### What the task asks
Print, word for word, the opening line of the data below and every line after it through the line that contains "Modular Turning &", but not the pictures.

### Data extracts

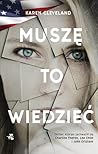 Muszę to wiedzieć by Karen   Cleveland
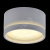 LIGHTING Светильник 4032 накладной потолочный под лампу GX53 белый IEK LIGHTING Светильник 4032 накладной потолочный под лампу GX53 белый IEK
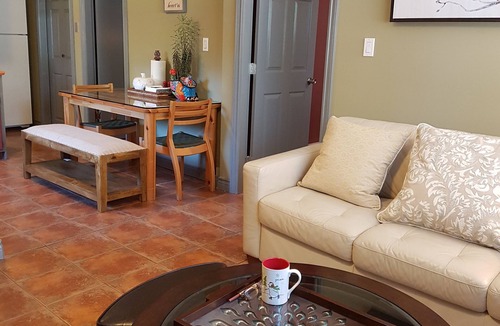 Richmond House | Home Sweet Home with 2 bedrooms and 1 bathroom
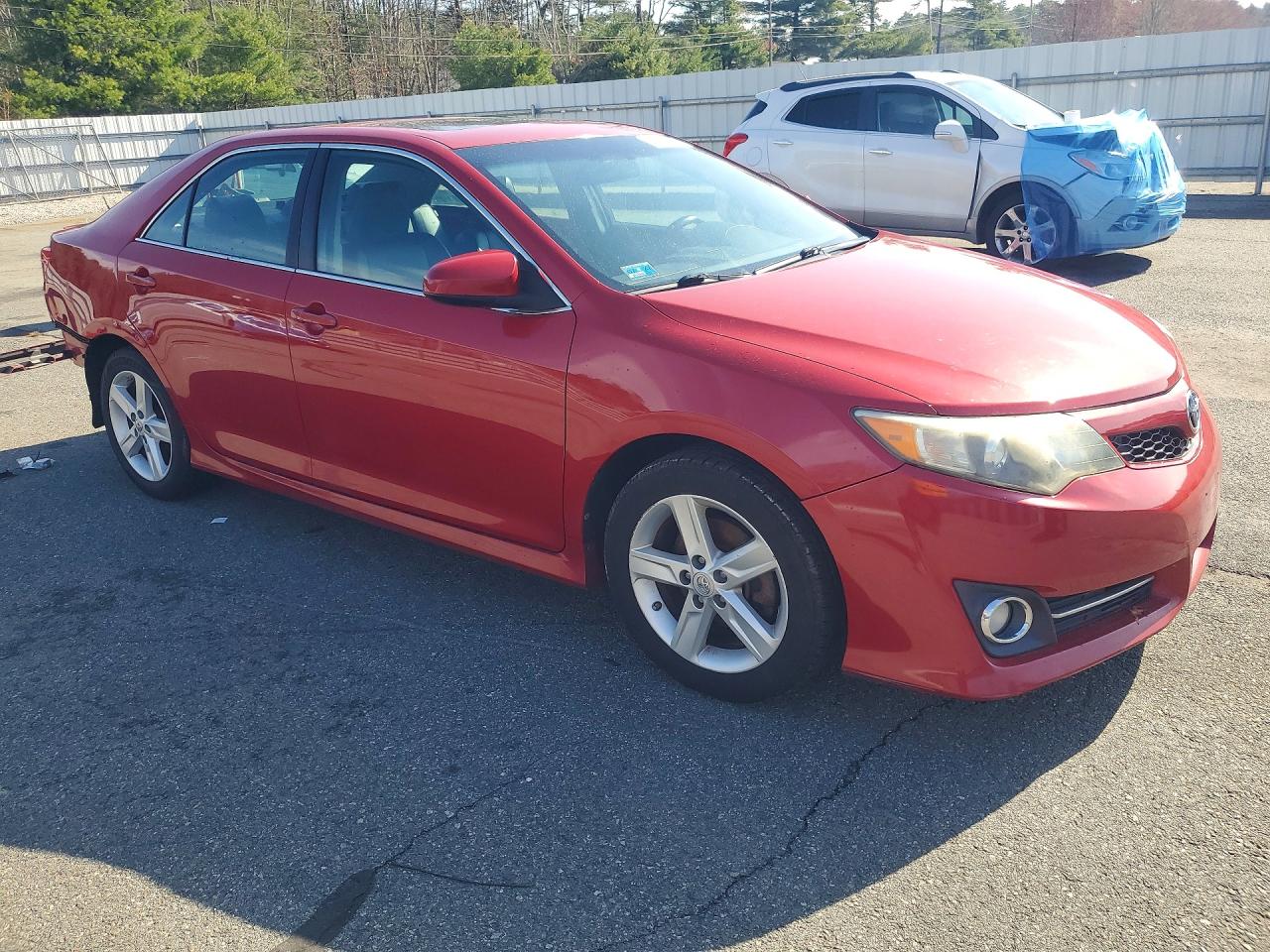 Toyota Camry Se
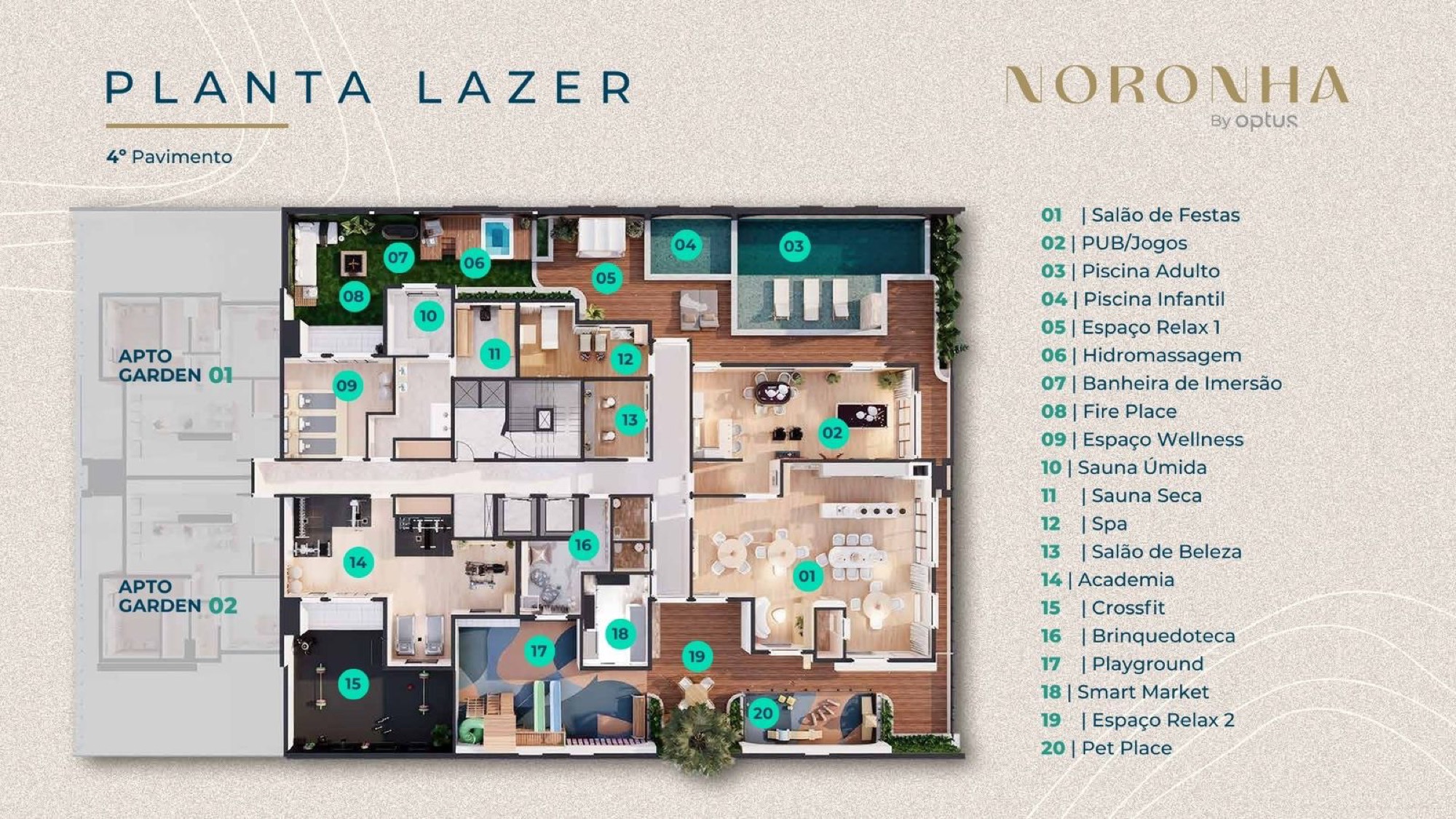 Noronha - Planta 5
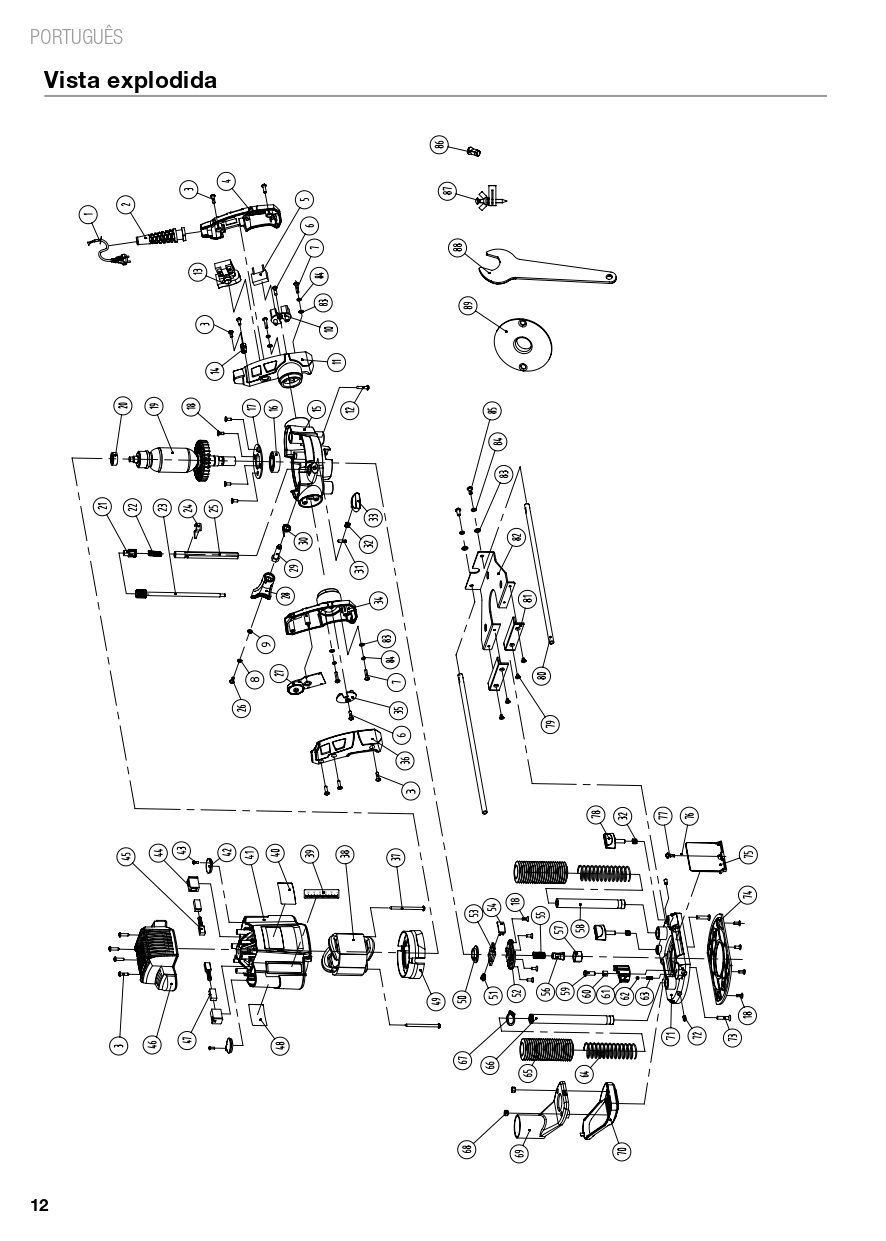 Tupia De Coluna 1200 W 220V 60Hz Gamma G1965-Br2_page-0001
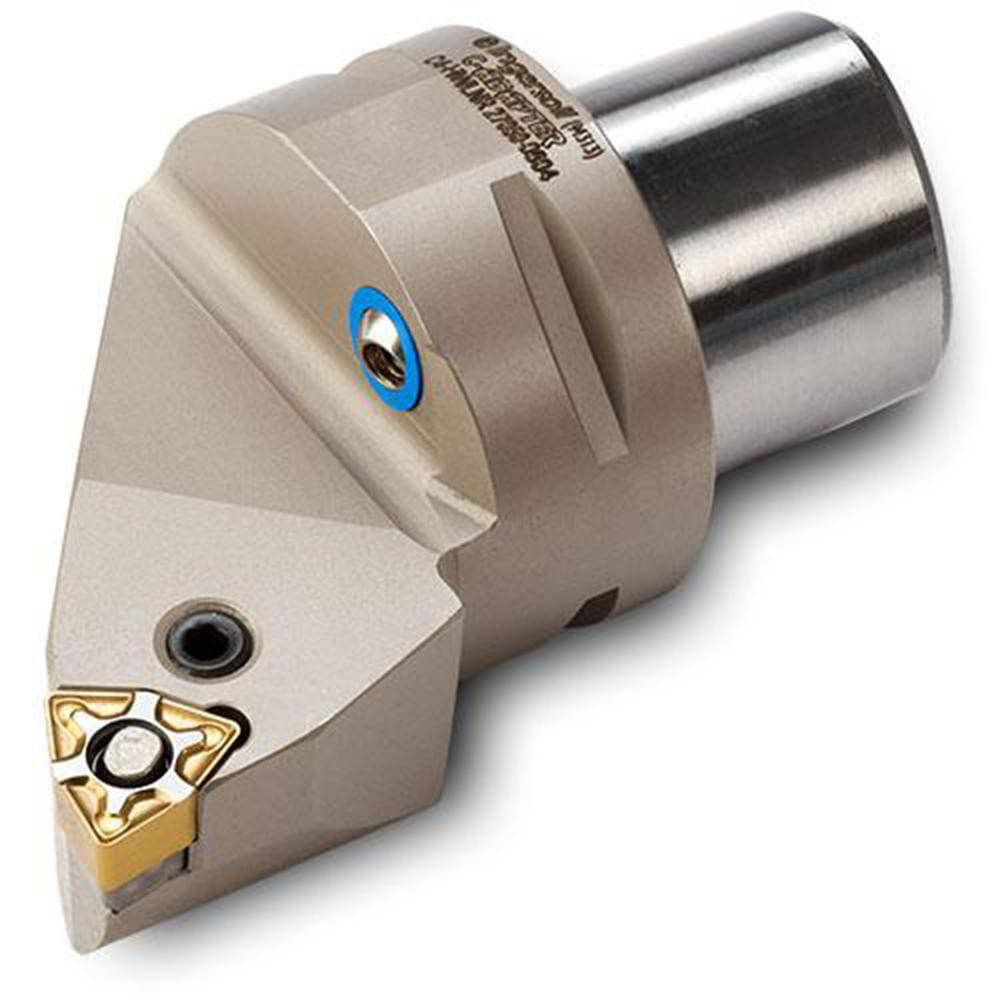 Modular Turning & Profiling Cutting Unit Head: Size C4, 50 mm Head Length, External, Right Hand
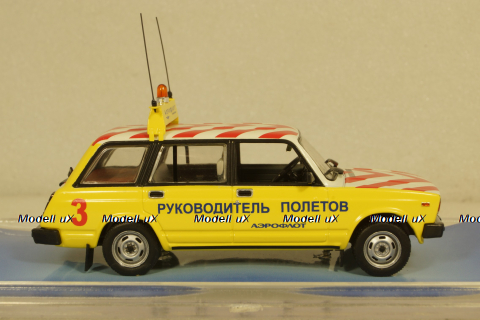 Ваз-21043 Эскорт-В, TruckTyr 1:43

### Result of this task
 Muszę to wiedzieć by Karen   Cleveland
 LIGHTING Светильник 4032 накладной потолочный под лампу GX53 белый IEK LIGHTING Светильник 4032 накладной потолочный под лампу GX53 белый IEK
 Richmond House | Home Sweet Home with 2 bedrooms and 1 bathroom
 Toyota Camry Se
 Noronha - Planta 5
 Tupia De Coluna 1200 W 220V 60Hz Gamma G1965-Br2_page-0001
 Modular Turning & Profiling Cutting Unit Head: Size C4, 50 mm Head Length, External, Right Hand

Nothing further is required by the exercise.